I have a Pytorch model consisting of a convolution2d followed by BatchNorm2d and I am printing the output of each layer in the forward pass.
I cannot seem to understand the result of the output of BatchNorm based on the values of weight and bias it holds.
The following is the outputs as printed in Pytorch(conv output (which is also input to BatchNorm )and BatchNorm output):
tensor([[[[-0.0403, 0.0103, 0.0185],
[ 0.0240, 0.0535, 0.0137],
[ 0.0233, 0.0239, -0.0202]],
[[-0.1044, -0.1664, -0.2347],
[-0.1708, -0.2092, -0.2356],
[-0.2202, -0.2412, -0.2733]]]], grad_fn=<MkldnnConvolutionBackward>)
tensor([[[[-1.6799, -0.0496, 0.2127],
[ 0.3922, 1.3428, 0.0598],
[ 0.3674, 0.3883, -1.0339]],
[[ 0.4344, 0.1697, -0.1216],
[ 0.1510, -0.0127, -0.1253],
[-0.0596, -0.1495, -0.2863]]]], grad_fn=<NativeBatchNormBackward>)

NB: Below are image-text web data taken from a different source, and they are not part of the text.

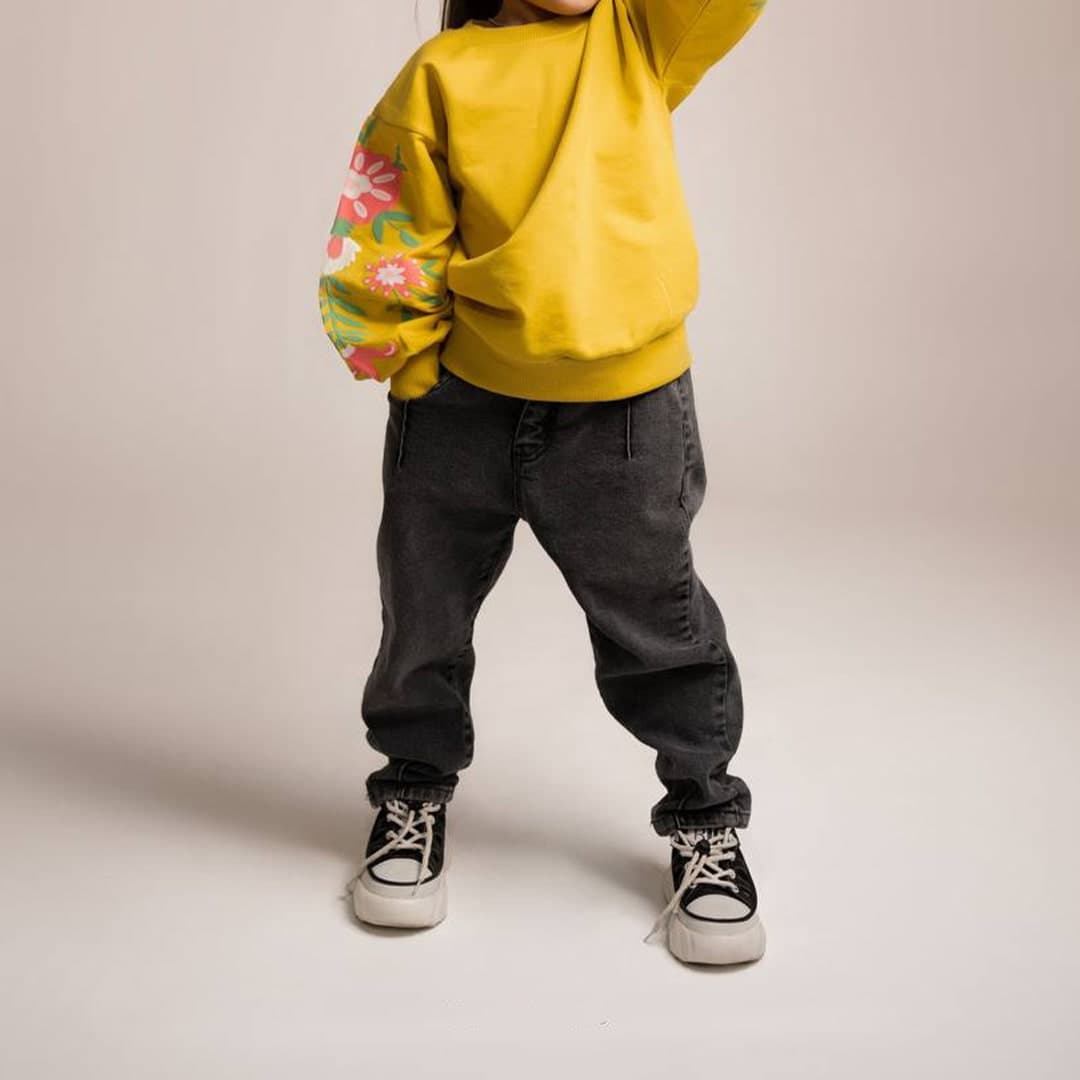 دورس آستین پفکی گلدار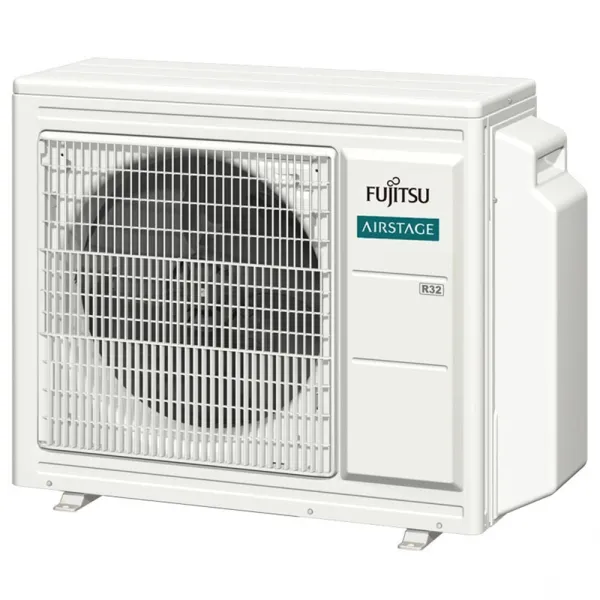 Tri split FUJITSU mural KJ Noir AOEG18KBCA3 5.4kW tailles 25 + 25 + 25 ASEH09KJCALB + ASEH09KJCALB + ASEH09KJCALB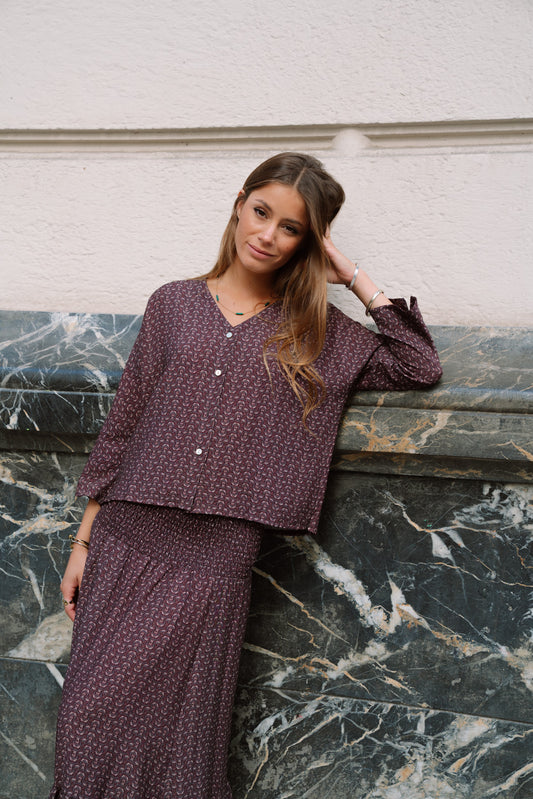 Blusa ELSA estampado choco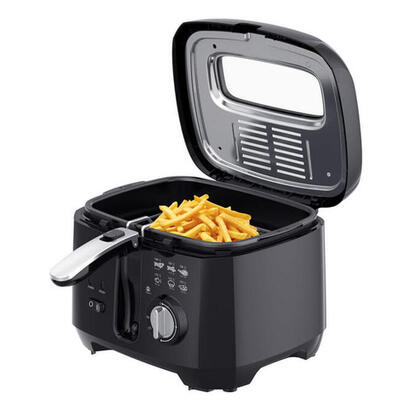 freidora-eldom-freet-25-l-400-g-de-patatas-fritas-regulador-de-temperatura-deposito-de-aceite-extraible-negro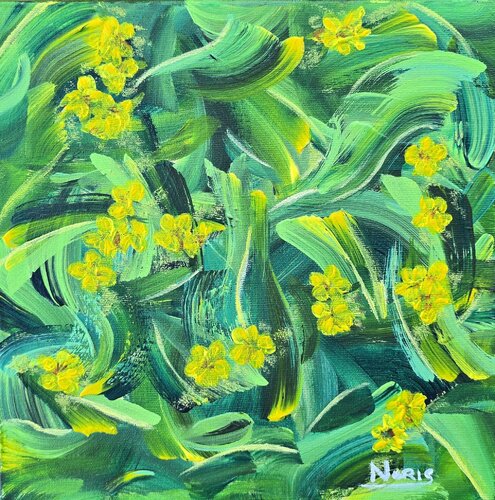 Ipê - amarelo van Camila Noris, Schilderij te koop op Singulart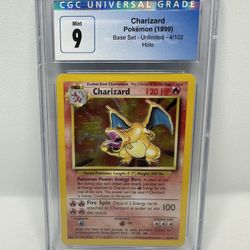 🔥 Charizard Pokémon Card 1999 Base Set CGC 9 Mint – Holo – Collector’s Grail 🔥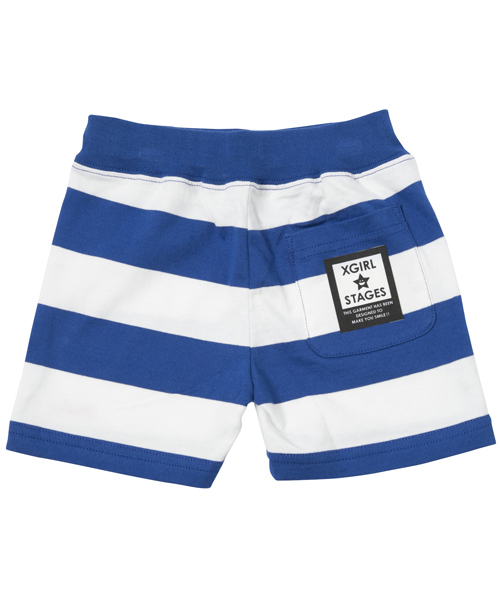 X-girl Stages（エックスガールステージス）の「STRIPED BASIC SHORT PANTS (4T～7T)（その他パンツ・キッズ・アッシュ/ブルー/レッド・7T/6T/4T/5T）」の7枚目の写真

the outputs were printed from the forward
function as:
x1 = self.conv1(x)
print(x1)
x2 = self.bn(x1)
print(x2)
Now when I print the weights and bias respectively of the BatchNorm layer it shows this:
Parameter containing:
tensor([0.8352, 0.2056], requires_grad=True)
Parameter containing:
tensor([0., 0.], requires_grad=True)
If BatchNorm is (weights*previoustensor + bias), then the first output value should have been (0.8352 * -0.0403) + 0 = -0.0336
but it shows -1.6799
Could someone please explain? I ask this as one of my colleagues pointed this out. In our internal code, our output is indeed -0.033 for the first index so we wanted to understand what was the value reasoning behind Pytorch or if there are other factors involved.